[Items listed in a dataset]
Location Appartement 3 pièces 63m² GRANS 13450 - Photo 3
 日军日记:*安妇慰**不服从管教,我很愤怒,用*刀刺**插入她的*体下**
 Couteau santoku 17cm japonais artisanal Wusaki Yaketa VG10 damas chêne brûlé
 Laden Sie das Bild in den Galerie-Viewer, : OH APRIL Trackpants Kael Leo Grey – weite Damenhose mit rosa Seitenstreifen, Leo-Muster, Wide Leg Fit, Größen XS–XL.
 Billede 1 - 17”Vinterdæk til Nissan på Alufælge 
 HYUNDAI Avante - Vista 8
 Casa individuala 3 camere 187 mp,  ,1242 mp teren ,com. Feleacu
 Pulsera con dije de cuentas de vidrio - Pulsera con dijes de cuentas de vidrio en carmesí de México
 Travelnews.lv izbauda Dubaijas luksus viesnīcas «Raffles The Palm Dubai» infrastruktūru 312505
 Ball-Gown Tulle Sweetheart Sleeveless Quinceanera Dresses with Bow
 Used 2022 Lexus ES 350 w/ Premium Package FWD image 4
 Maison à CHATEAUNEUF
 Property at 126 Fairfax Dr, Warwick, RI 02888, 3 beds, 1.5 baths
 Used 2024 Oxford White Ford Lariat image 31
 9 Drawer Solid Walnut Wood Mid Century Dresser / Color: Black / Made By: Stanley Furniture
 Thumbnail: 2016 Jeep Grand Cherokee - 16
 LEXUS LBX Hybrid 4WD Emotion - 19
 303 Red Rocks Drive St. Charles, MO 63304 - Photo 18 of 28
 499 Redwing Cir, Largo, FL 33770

§ **TASK OBJECTIVE**
Return, line for line and unchanged, the data from its first line through the line containing "Casa individuala 3".

§ **ANSWER AREA**
Location Appartement 3 pièces 63m² GRANS 13450 - Photo 3
 日军日记:*安妇慰**不服从管教,我很愤怒,用*刀刺**插入她的*体下**
 Couteau santoku 17cm japonais artisanal Wusaki Yaketa VG10 damas chêne brûlé
 Laden Sie das Bild in den Galerie-Viewer, : OH APRIL Trackpants Kael Leo Grey – weite Damenhose mit rosa Seitenstreifen, Leo-Muster, Wide Leg Fit, Größen XS–XL.
 Billede 1 - 17”Vinterdæk til Nissan på Alufælge 
 HYUNDAI Avante - Vista 8
 Casa individuala 3 camere 187 mp,  ,1242 mp teren ,com. Feleacu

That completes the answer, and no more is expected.